New Report on Mistakes of Plan Colombia and Lessons for Latin America

Press Release
November 10, 2011

Lessons of Plan Colombia for Mexico and elsewhere in Latin America
New report warns U.S. policy must learn from, but not emulate, the Plan Colombia experience

Washington, D.C.—Today the Latin America Working Group Education Fund (LAWGEF), the Center for International Policy (CIP), and WOLA release A Cautionary Tale: Plan Colombia's Lessons for Mexico and Beyond, a new report that dissects the Colombian experience of the past ten years, drawing out human rights and strategic lessons that are relevant for U.S. policy toward Mexico and beyond.

  • A Cautionary Tale (PDF)
  • Un Relato Aleccionador (PDF)

In December 2006, Mexico’s government launched a military-police offensive that, more than 40,000 organized crime-related deaths later, has not made the country safer. At congressional hearings or press briefings in Washington, whenever people discuss solutions to Mexico’s out-of-control violence, someone will inevitably bring up Colombia as a “model.” The United States, the speaker will say, must offer Mexico an adapted version of “Plan Colombia,” the framework in which the South American nation has received $8.5 billion in mostly military U.S. aid since 2000. Though some indicators of violence in Colombia have been reduced, to repeat the Plan Colombia experience in Mexico would be a very bad idea, argues A Cautionary Tale.

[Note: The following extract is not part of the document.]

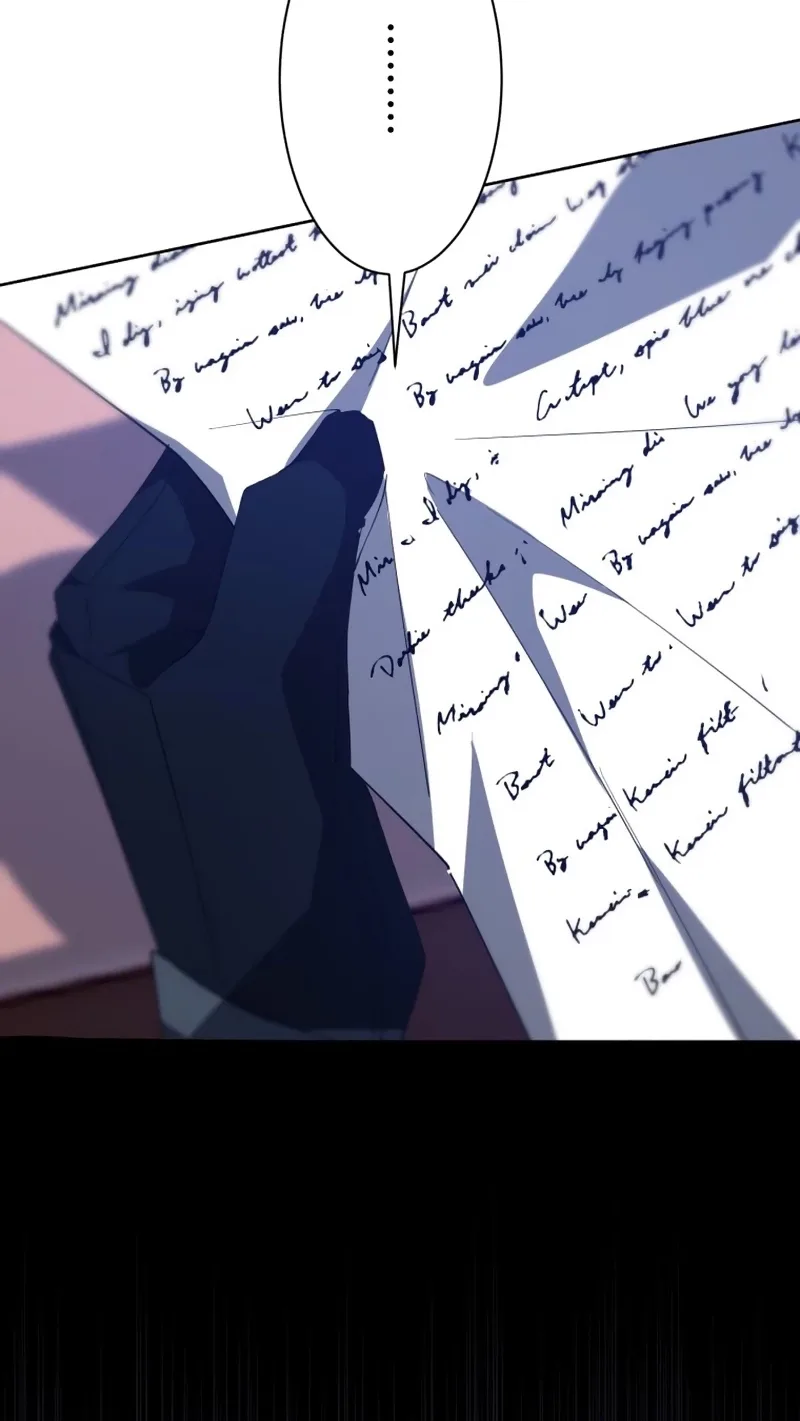 The Hated Noble Lady, Yet in a Contract Marriage with the First Prince?! Chapter 39 page 98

The report concludes that “The ‘success’ of the past several years in Colombia is only a partial, and fragile, victory at best—and it has come at an unacceptably high human and institutional cost.” In addition, it states that “Plan Colombia does carry a host of lessons for U.S. policy toward Mexico, Central America, and other areas of the world. These lessons, though, are not the ones that the ‘Plan Colombia is a model’ crowd might expect to draw.”

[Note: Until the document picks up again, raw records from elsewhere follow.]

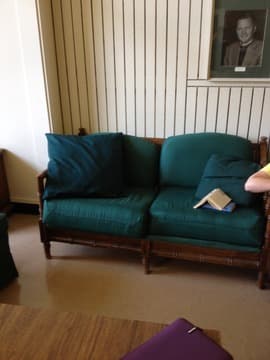 moving- A TON OF FURNITURE ITEMS and others for sale!!! can deliver:) 3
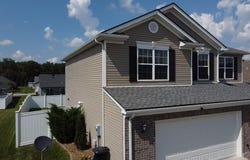 210 W Raider Court, Huntingburg, IN 47542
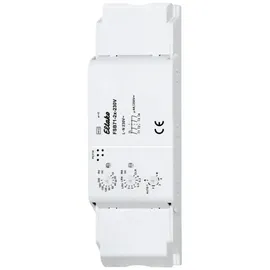 Eltako FSB71-2x-230V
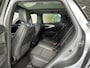 Renault Austral 1.2 E-Tech full hybrid 200 Iconic Esprit Alpine | Navigatie | 360° Camera | Harman / Kardon | Panoramadak | Stoelverwarming |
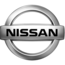 wijkopenauto-s nissan opkoper - nissan verkopen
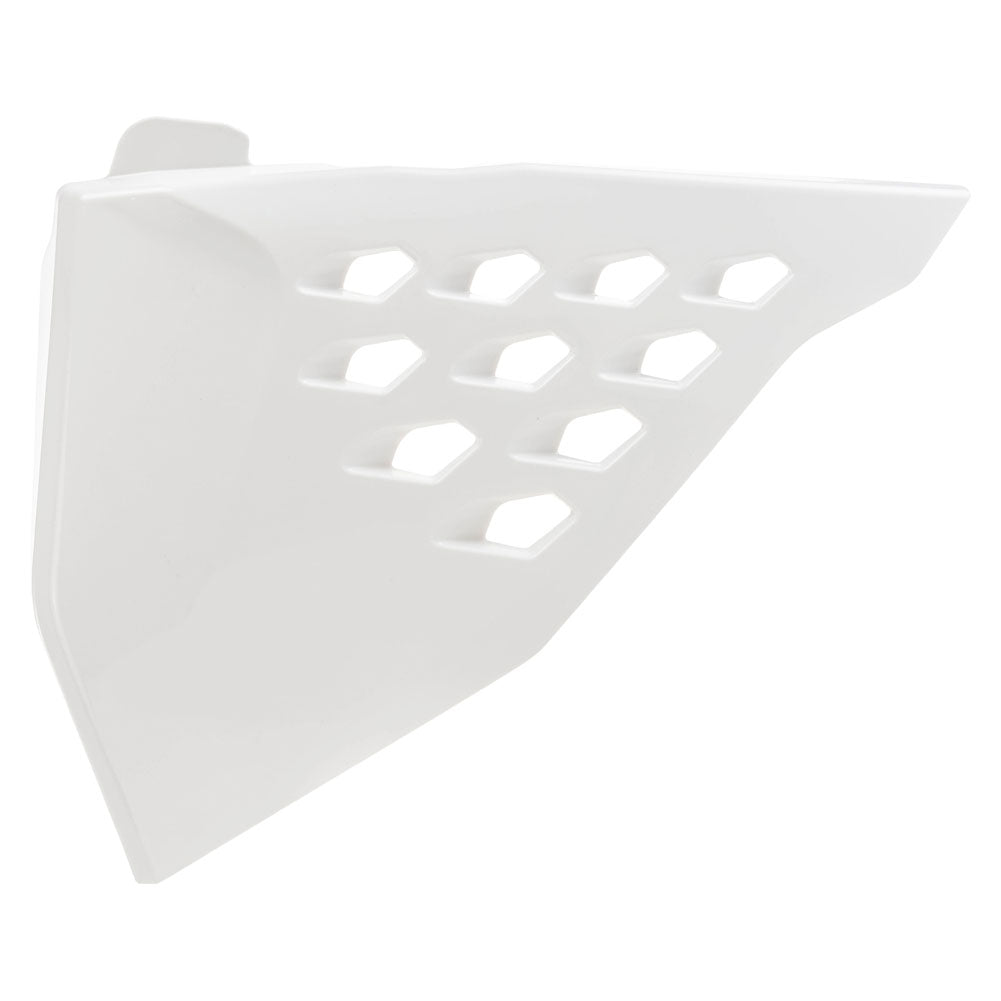 Acerbis Vented Air Box Covers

The 28-page report by LAWGEF, CIP, and WOLA three Washington-based organizations that have closely followed U.S. policy toward both countries since the 1990s, directly takes on the flawed Colombia-Mexico parallel. It walks the reader through Plan Colombia’s results, both positive (reductions in violent crime measures, at least until 2008) and troubling (a dramatic rise in extrajudicial killings by the armed forces). It explains the many ways in which Mexico today differs sharply from Colombia a decade ago.

A Cautionary Tale lays out a dozen lessons that U.S. policymakers must draw from the Colombia experience. They include a reminder that the United States must first “clean its own house,” showing the political courage necessary to take on the U.S.-based drug demand, arms trafficking, and money laundering that do Mexico and Colombia so much harm. The recommendations call for a strategy that, instead of relying overwhelmingly on militaries, helps partner countries strengthen their civilian capacities, particularly those of dysfunctional justice systems.

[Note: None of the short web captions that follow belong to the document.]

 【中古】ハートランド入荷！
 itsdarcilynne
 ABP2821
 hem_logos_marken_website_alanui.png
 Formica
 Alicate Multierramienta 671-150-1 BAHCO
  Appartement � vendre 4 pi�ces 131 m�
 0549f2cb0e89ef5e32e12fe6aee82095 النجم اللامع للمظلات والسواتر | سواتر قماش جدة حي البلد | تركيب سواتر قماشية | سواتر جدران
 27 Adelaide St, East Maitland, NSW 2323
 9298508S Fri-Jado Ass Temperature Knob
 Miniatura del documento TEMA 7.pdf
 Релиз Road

“The only way out is for citizens to live with a government—not just a military, but a government,” says report co-author Adam Isacson of WOLA. “And that includes a justice system with the tools to stop that government’s representatives from abusing citizens or working with criminals.”

Severe human rights abuses took place during Plan Colombia, including more than 3,000 extrajudicial executions by the U.S.-funded security forces. “The right choice is not to fund an abusive army. Whenever the United States provides support to security forces, it has an absolute obligation to press for compliance with international human rights standards,”says report co-author Lisa Haugaard of LAWGEF. Human rights conditions tied to security force assistance can help. “The human rights certification process has been extremely frustrating at times,” says Haugaard. “But at least it provided a forum for U.S. and Colombian human rights groups to raise serious human rights issues with the U.S. government, and that produced results in terms of resolving some landmark cases and reducing security force abuses.”

The report’s authors hope that it can clear up some all-too-common misconceptions about U.S. policy toward Colombia since 2000.“Because Colombia achieved some security gains for a while, there is a tendency to cling to Plan Colombia as a model for Mexico and elsewhere,” notes Haugaard. “But we must not misread our recent history and apply the wrong lessons. That is a recipe for disaster.”